Corporate card statements typically provide more detailed transaction information than p-cards. The former shows spending by category, which is helpful for generating spend analysis.
What are the benefits of p-cards?
Businesses rely on corporate purchasing cards for several reasons.
First, p-cards provide some control over company spend. Depending on the issuer, p-cards can let you place spend limits per card and create a list of approved vendors. And, since most charge card companies have an online dashboard component, you get access to a digital paper trail of transactions.
These cards also streamline the purchasing process. They enable cardholders to avoid the lengthy PO process for smaller purchases, which reduces purchasing cycle times. Employees are able to get what they need when they need it.
Purchasing card use saves companies time and money on admin. A report published by Visa and Citi uncovered a 77% savings in admin costs when companies switched from a paper invoice system to a digital p-card system.
While they don’t afford cardholders the repayment luxuries of credit cards, p-cards provide longer payment terms than debit cards, which can help cash-flow reliant companies control their expense management.
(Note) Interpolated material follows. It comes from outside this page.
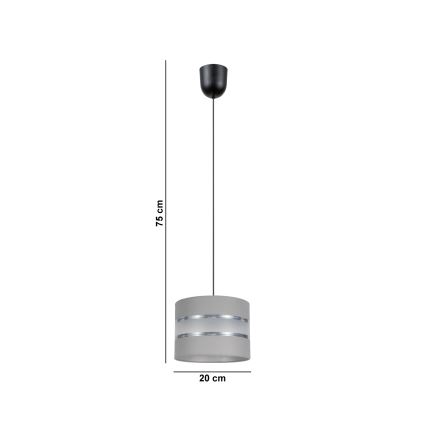 Подвесная люстра CORAL 1xE27/60W/230V ⌀ 20 cm серая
Finally, p-cards reduce the need for employee reimbursements, which benefits both the employer and employees. Employees don’t need to worry about fronting business expenses from their own funds, and finance team members save time and money on processing expense reports.
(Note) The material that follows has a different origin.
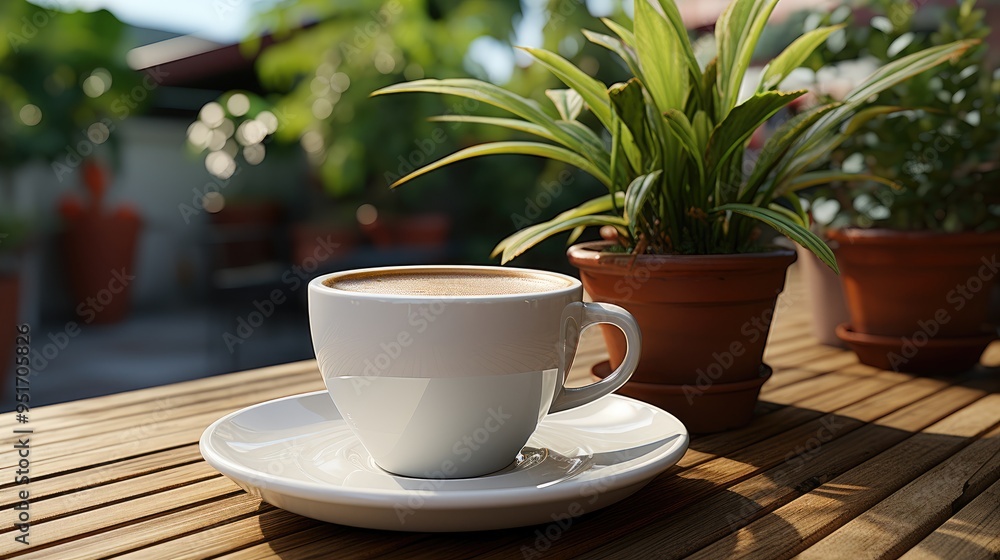 Coffee in white cup on wooden table in cafe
The disadvantages of p-cards?
Alas, p-cards aren’t a perfect solution for corporate purchasing.
Sharing cards reduces visibility into and control over spending and creates a bottleneck. P-cards are supposed to be a more efficient alternative to the PO process, but that concept doesn’t always work so well in practice. For example, if someone has to reach out to an administrator and wait for card information before booking a flight to a conference, the fare might increase before the information is relayed.
While p-cards have some online reporting capabilities, they still only offer limited visibility into spending. Unlike credit cards, which typically show transactions on the company online dashboard as they’re being made, p-card transactions don’t appear until several days after they’ve happened. While this process may seem faster than the PO process, it’s lagging compared to what corporate credit cards offer.
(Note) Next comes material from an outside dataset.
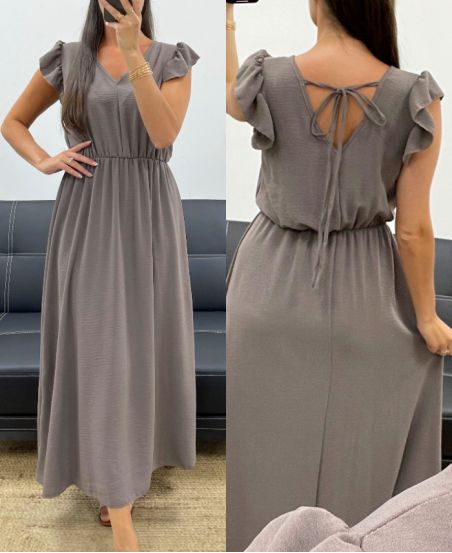 TIE BACK MAXI DRESS PE5282 TAUPE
And because there’s a lag in between when a charge is made and when it appears on a statement, there’s the potential for misuse. Out-of-policy spending may not be discovered until it’s too late to reverse the damage.
Furthermore, p-card reconciliation incurs high admin costs. Most p-card systems don’t categorize spend or integrate with an accounting system.
Finally, corporate purchasing cards offer an incomplete picture of spend data. Most p-cards don’t have reporting capabilities that show budget holders how much cardholders spent versus how much they had budgeted for, obscuring meaningful spend analysis.
What is a corporate purchasing card?
A charge card businesses use to make small purchases.
How do p-cards work?
These cards are typically shared among team members. They have some spend control features, like spending limits and approved vendors. The company must pay the full balance at the end of the billing cycle.
What’s the difference between a p-card and a corporate credit card?
A p-card’s balance must be paid off at the end of the billing cycle, while a corporate credit card’s balance can be carried over.
What are the benefits of corporate purchasing cards?
They provide some spend control features, streamline purchasing, save time and money on admin, and reduce expense reports.
What are the disadvantages of p-cards?
Cards are shared, which creates bottlenecks. Delays in transaction postings limit visibility and create a potential for misuse. Reconciliation admin costs are expensive. A lack of sophisticated reporting means you don’t have the data to conduct a meaningful spend analysis.